◆ **What you need to do**
Once the line with "Bangjja Yugi Ornamental" is found in the entries below, print it and each following line exactly, stopping after the line with "Women's Polyester Floral"; print nothing else.

(Stored data entries)
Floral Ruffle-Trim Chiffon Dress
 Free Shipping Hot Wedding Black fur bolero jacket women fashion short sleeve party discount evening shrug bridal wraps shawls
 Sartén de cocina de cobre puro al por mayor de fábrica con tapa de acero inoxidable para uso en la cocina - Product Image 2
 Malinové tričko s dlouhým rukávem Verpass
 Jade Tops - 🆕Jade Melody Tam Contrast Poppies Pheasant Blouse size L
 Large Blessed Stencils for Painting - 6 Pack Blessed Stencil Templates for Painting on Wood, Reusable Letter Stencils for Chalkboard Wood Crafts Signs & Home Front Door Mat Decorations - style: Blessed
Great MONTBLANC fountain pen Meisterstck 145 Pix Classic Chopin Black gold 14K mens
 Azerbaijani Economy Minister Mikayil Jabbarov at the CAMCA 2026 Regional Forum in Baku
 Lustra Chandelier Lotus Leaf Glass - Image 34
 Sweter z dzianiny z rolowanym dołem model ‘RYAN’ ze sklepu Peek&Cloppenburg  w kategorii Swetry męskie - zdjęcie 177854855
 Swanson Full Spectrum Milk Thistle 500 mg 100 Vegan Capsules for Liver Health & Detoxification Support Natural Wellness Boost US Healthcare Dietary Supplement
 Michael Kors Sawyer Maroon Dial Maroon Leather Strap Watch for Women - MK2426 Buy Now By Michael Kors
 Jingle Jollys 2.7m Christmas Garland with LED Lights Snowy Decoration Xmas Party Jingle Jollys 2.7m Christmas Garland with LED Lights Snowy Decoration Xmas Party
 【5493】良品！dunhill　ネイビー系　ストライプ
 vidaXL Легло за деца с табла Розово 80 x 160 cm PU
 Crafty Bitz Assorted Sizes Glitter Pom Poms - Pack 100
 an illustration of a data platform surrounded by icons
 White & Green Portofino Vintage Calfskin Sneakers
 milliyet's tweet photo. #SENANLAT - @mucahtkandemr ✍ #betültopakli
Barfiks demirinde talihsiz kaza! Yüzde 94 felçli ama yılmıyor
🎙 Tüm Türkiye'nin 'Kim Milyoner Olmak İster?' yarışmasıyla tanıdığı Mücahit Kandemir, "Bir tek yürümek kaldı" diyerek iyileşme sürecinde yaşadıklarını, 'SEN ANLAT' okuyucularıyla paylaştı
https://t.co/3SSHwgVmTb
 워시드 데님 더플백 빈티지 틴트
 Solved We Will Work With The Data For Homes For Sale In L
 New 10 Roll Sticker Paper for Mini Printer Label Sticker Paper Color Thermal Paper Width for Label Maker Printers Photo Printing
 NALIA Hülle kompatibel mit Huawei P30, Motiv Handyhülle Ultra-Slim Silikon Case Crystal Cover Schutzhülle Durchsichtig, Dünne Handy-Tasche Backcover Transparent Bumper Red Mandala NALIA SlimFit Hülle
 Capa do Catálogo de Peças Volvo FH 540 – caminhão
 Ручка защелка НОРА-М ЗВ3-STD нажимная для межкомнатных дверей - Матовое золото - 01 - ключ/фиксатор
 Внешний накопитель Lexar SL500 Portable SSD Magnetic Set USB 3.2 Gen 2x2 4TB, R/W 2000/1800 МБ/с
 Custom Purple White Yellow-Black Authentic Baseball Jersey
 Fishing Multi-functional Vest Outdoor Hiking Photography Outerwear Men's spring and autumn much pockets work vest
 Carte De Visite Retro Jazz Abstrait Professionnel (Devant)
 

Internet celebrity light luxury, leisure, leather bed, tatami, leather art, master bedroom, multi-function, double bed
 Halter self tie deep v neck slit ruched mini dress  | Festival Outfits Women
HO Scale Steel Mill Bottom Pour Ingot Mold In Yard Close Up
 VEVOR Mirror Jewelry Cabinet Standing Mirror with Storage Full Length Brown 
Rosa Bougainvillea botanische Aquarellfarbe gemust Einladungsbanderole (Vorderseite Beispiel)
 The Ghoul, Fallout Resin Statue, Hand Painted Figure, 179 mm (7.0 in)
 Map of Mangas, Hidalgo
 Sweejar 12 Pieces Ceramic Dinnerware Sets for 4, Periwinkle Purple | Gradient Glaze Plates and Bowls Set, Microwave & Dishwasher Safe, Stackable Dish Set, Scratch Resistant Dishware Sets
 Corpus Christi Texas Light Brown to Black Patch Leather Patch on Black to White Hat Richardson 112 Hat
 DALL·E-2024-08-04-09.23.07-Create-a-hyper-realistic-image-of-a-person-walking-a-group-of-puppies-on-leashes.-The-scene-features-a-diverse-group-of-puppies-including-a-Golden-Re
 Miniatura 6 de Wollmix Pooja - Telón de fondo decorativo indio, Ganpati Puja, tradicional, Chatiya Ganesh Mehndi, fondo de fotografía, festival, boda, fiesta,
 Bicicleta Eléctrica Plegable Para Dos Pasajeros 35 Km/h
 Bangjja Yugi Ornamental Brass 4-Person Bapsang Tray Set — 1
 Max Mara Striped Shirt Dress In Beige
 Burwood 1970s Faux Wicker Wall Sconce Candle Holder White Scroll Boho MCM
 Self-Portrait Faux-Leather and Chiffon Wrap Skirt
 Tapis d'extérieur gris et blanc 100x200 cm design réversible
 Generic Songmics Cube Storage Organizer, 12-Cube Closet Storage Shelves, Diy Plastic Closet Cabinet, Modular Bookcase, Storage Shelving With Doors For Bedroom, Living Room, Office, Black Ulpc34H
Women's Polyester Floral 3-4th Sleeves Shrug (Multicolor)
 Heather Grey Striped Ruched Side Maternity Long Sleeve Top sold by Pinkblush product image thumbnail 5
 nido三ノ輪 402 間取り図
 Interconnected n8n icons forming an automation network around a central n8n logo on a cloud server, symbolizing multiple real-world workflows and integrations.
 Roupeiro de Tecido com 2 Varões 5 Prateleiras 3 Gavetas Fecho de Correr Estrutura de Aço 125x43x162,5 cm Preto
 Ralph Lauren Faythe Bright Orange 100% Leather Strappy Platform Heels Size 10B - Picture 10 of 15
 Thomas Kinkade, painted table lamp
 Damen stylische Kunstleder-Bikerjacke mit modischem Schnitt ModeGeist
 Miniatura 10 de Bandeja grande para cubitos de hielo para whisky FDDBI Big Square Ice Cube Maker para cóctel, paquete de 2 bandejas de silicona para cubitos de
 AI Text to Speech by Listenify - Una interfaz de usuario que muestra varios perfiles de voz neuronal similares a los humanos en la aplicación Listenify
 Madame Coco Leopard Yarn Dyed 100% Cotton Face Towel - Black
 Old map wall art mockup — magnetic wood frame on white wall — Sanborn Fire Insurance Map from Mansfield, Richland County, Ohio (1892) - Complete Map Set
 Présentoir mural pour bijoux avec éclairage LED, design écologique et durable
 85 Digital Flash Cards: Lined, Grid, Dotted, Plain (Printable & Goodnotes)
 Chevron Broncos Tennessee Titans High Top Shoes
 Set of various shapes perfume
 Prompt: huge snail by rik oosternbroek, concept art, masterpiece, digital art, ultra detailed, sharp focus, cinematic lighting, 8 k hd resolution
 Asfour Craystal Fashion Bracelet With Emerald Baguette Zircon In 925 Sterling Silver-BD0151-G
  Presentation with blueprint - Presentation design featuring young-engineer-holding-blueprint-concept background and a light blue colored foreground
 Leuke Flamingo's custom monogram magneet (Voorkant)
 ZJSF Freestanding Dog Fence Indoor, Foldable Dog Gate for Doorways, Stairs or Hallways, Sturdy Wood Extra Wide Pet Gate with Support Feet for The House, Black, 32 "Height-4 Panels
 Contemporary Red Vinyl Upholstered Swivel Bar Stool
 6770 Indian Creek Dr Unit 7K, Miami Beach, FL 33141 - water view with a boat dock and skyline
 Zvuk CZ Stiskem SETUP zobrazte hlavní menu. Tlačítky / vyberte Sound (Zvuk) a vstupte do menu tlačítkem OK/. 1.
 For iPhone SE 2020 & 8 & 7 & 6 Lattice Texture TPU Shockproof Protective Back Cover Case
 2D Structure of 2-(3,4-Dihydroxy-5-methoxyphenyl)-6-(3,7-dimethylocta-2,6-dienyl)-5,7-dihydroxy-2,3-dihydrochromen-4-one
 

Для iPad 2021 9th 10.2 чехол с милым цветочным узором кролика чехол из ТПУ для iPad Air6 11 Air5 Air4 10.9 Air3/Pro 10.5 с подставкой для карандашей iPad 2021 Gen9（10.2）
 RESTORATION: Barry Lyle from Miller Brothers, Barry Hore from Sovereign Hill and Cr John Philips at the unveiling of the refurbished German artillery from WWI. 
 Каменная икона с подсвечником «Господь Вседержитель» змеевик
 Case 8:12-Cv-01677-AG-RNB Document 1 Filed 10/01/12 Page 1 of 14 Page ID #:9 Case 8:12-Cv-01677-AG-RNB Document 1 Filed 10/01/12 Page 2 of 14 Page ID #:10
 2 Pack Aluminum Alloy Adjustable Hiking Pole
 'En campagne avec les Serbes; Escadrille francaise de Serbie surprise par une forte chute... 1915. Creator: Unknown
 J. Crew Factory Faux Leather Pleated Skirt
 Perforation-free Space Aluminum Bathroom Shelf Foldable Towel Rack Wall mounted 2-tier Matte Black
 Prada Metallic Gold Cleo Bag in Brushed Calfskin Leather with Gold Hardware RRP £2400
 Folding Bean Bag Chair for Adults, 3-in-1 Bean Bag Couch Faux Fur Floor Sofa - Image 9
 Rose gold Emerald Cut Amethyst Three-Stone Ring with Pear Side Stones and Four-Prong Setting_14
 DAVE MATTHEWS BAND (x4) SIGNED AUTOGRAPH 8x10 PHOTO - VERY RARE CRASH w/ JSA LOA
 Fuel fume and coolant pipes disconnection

◆ **Response to this task**
 Bangjja Yugi Ornamental Brass 4-Person Bapsang Tray Set — 1
 Max Mara Striped Shirt Dress In Beige
 Burwood 1970s Faux Wicker Wall Sconce Candle Holder White Scroll Boho MCM
 Self-Portrait Faux-Leather and Chiffon Wrap Skirt
 Tapis d'extérieur gris et blanc 100x200 cm design réversible
 Generic Songmics Cube Storage Organizer, 12-Cube Closet Storage Shelves, Diy Plastic Closet Cabinet, Modular Bookcase, Storage Shelving With Doors For Bedroom, Living Room, Office, Black Ulpc34H
Women's Polyester Floral 3-4th Sleeves Shrug (Multicolor)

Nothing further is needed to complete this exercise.